Romanda, hikâyesini ilk bölümde anlattığım gibi, Alaiye Sancak Beyi (günümüz Alanya’sı) Küçük Mehmed’in üç kayığı paylaşan altmış arkadaşıyla düşman mavnalarına hücum etmesi, Süleyman Kaptan’ın mavnasını geri almaları, Venedik mavnasını ele geçirmeleri ve mavnadaki yüz elliden fazla düşman askerini doğramaları anlatılır…
Romandan yaptığımız alıntıya kaldığımız yerden devam edelim…
“İki kıyıdaki Türk askerleri alkış çekiyordu. Ellerin çıkardığı ses deniz gürültüsünü bastırıyordu, koca vezir ağlıyordu. Türk kayığı Venedik mavnalarını yenmişti; Türk yumruğu düşman toplarını yenmişti. Türk kılıcı bir filoyu kaçırmıştı. Fakat sevincimiz yine yarı kaldı. Çünkü Küçük Mehmed’in üç kayıkla paçavraya çevirdiği dört Venedik mavnası büyük gemilerine doğru süklüm püklüm sürüklenip giderken, bizim kalyonlar da rüzgârdan da yardım görüp Sakız’a doğru savuşuyorlardı. Artık düşman önünde biz gemisiz kalmıştık, Boğaz’ı zorlarsa çürük toplarımızla onu durdurmaya savaşacaktık.

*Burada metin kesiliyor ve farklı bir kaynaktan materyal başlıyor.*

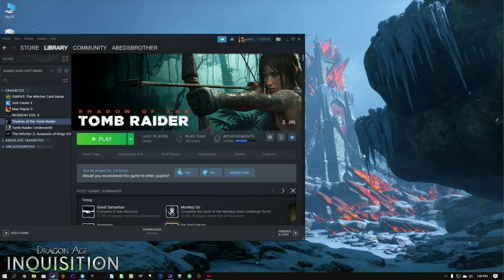Hello everybody, Abbott's Brother here and today we're going to be looking at the performance of Shadow of the Tomb Raider on my RX 5700 XT.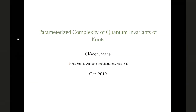Thank you for the invitation. We look at a construction of a certain type of topological invariant for knots called quantum invariants, which are algebraic and combinatorial in nature, making them nice for computations. I will describe a parameterized algorithm to compute them efficiently.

Venedik ve Malta çektirileri, “Ver elini Sakız!” diye Boğaz’dan açılan bizim gemileri önlemeye, çevirmeye koşuyorlardı. Biz onların meramını sezince yine tek göz gibi benliğimizi denize vermiştik, nemli bakışlarla iki donanmayı süzüyorduk. Çerkeş Osman’ın savaştan kaçtığı belliydi. Fakat düşmanın zoru önünde utanıp er meydanına döneceğini umuyorduk. Meğer yine aldanmışız. Korkak kaptan, canını kurtarmaktan gayri bir şey düşünmüyormuş. Bunu biraz sonra anladık. Çünkü, düşman bizimkilerin önünü kesiverince Çerkeş Osman ileri atılacak yerde geri döndü. Bu kaçış sırasında yeniçeri kahyasının yedek gemisi elden çıktı, on beş kadırgamız karaya vurdu, içindeki derme çatma askerler, aylıklı askerler denize döküldü.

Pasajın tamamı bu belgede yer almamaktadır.